EXERCISE = Output the records exactly, every one of them.
---- DATA SHOWN
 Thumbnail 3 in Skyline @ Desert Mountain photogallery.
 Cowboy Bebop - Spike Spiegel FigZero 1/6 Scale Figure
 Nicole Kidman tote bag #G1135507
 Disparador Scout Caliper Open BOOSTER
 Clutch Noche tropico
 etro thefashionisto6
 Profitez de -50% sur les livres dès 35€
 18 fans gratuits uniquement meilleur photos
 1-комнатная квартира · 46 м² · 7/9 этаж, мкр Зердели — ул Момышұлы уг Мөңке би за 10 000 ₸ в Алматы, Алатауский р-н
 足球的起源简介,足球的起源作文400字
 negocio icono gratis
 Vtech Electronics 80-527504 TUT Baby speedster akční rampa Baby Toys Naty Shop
--------
FINISHED TASK =
 Thumbnail 3 in Skyline @ Desert Mountain photogallery.
 Cowboy Bebop - Spike Spiegel FigZero 1/6 Scale Figure
 Nicole Kidman tote bag #G1135507
 Disparador Scout Caliper Open BOOSTER
 Clutch Noche tropico
 etro thefashionisto6
 Profitez de -50% sur les livres dès 35€
 18 fans gratuits uniquement meilleur photos
 1-комнатная квартира · 46 м² · 7/9 этаж, мкр Зердели — ул Момышұлы уг Мөңке би за 10 000 ₸ в Алматы, Алатауский р-н
 足球的起源简介,足球的起源作文400字
 negocio icono gratis
 Vtech Electronics 80-527504 TUT Baby speedster akční rampa Baby Toys Naty Shop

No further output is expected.